The operation PurgeBrokenFiles has failed => Hash was null

System.Exception: Hash was null
   at Duplicati.Library.Main.Database.LocalListBrokenFilesDatabase.GetOrphanedIndexFiles(CancellationToken token)+MoveNext()
   at Duplicati.Library.Main.Database.LocalListBrokenFilesDatabase.GetOrphanedIndexFiles(CancellationToken token)+MoveNext()
   at Duplicati.Library.Main.Database.LocalListBrokenFilesDatabase.GetOrphanedIndexFiles(CancellationToken token)+MoveNext()
   at Duplicati.Library.Main.Database.LocalListBrokenFilesDatabase.GetOrphanedIndexFiles(CancellationToken token)+System.Threading.Tasks.Sources.IValueTaskSource<System.Boolean>.GetResult()
   at Duplicati.Library.Main.Operation.ListBrokenFilesHandler.GetBrokenFilesetsFromRemote(IBackendManager backendManager, BasicResults result, LocalListBrokenFilesDatabase db, Options options)

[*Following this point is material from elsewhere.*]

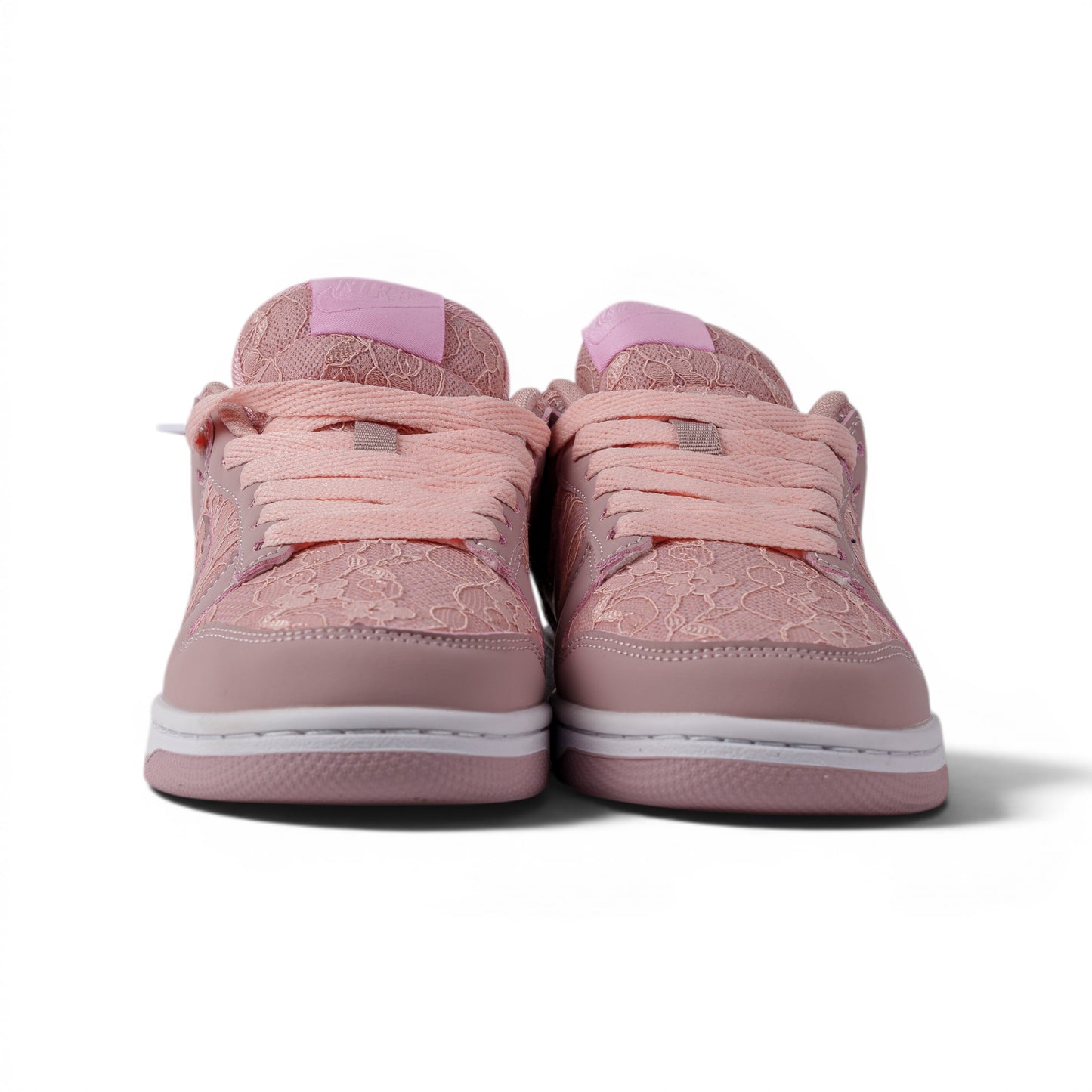 Nike Dunk, розовый, кроссовки — вид спереди | GAMEOVERSHOP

   at Duplicati.Library.Main.Operation.ListBrokenFilesHandler.GetBrokenFilesetsFromRemote(IBackendManager backendManager, BasicResults result, LocalListBrokenFilesDatabase db, Options options)

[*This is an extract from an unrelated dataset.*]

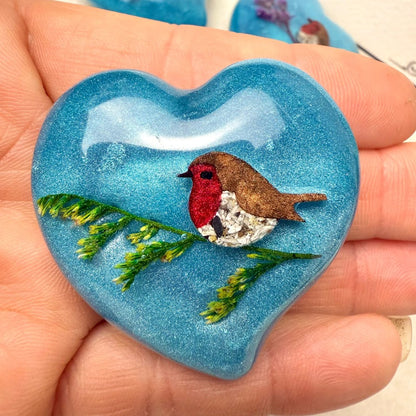 Wavy Heart Robin Pebble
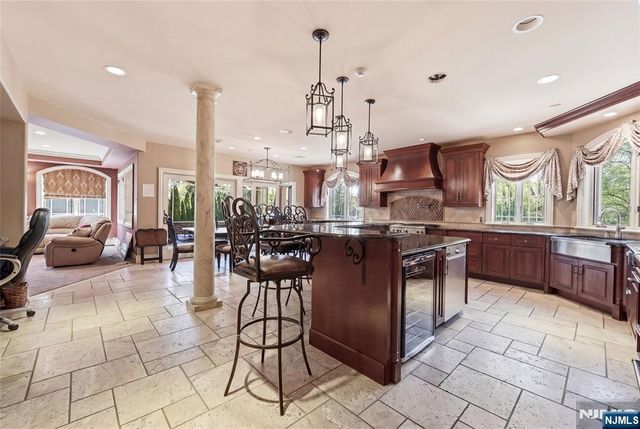 305 Blauvelt Court, Paramus, NJ 07652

   at Duplicati.Library.Main.Operation.PurgeBrokenFilesHandler.RunAsync(IBackendManager backendManager, IFilter filter)
   at Duplicati.Library.Main.Operation.PurgeBrokenFilesHandler.RunAsync(IBackendManager backendManager, IFilter filter)
   at Duplicati.Library.Utility.Utility.Await(Task task)

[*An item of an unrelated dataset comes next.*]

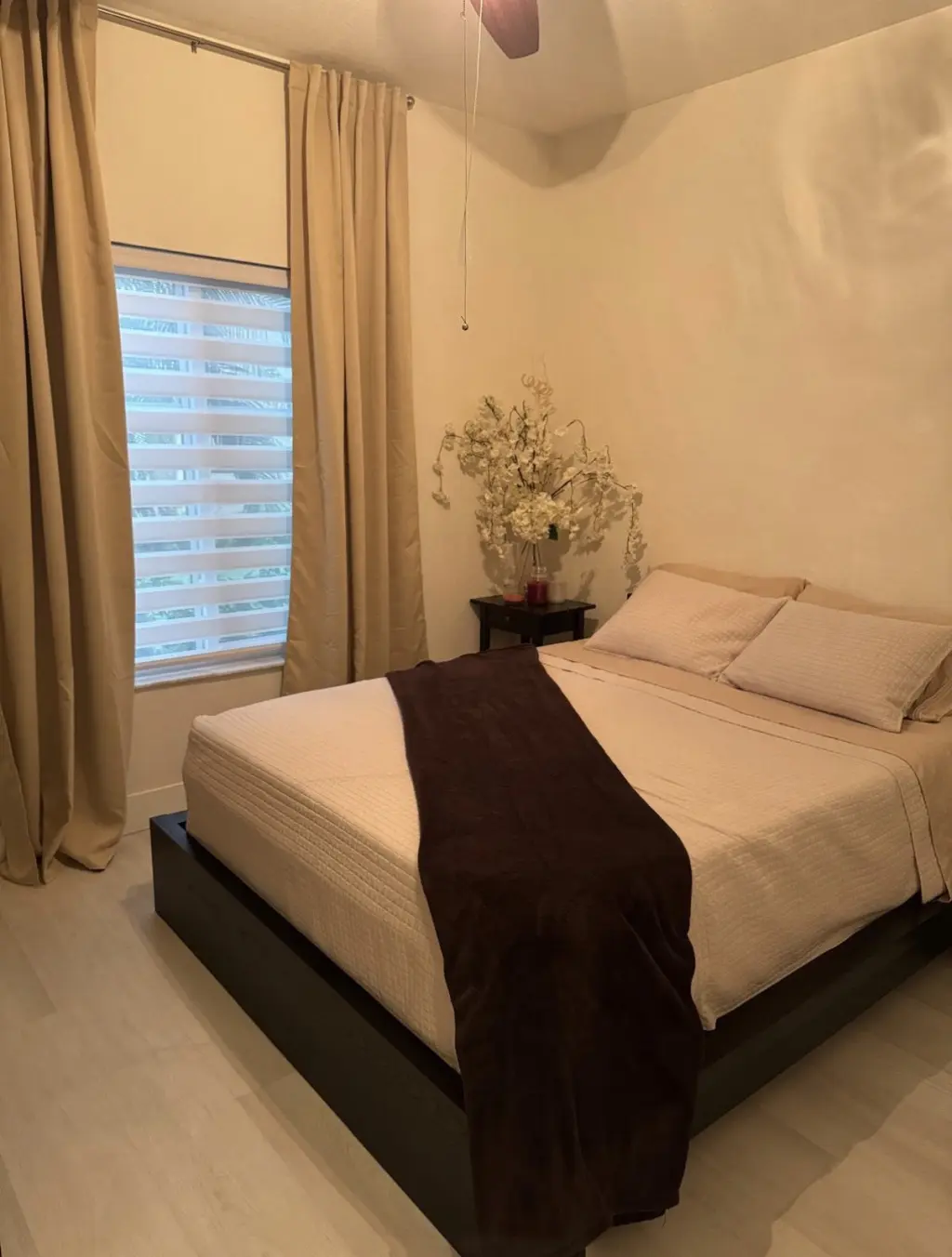 Renta de habitación a dama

   at Duplicati.Library.Main.Controller.RunAction[T](T result, String[]& paths, IFilter& filter, Func`3 method)
   at Duplicati.Library.Main.Controller.RunAction[T](T result, Func`3 method)
   at Duplicati.Library.Main.Controller.PurgeBrokenFiles(IFilter filter)
   at Duplicati.CommandLine.Commands.PurgeBrokenFiles(TextWriter outwriter, Action`1 setup, List`1 args, Dictionary`2 options, IFilter filter)
   at Duplicati.CommandLine.Program.ParseCommandLine(TextWriter outwriter, Action`1 setup, Boolean& verboseErrors, String[] args)
   at Duplicati.CommandLine.Program.RunCommandLine(TextWriter outwriter, TextWriter errwriter, Action`1 setup, String[] args)
Return code: 100

Thanks! We had not caught that one. I have a fix ready.

Confirming in 2.1.1.101_canary_2025-08-19 after hitting in 2.1.1.100_canary_2025-08-08.

Fretting a bit about seeming source lack of fix in 2.1.2.0_beta_2025-08-20.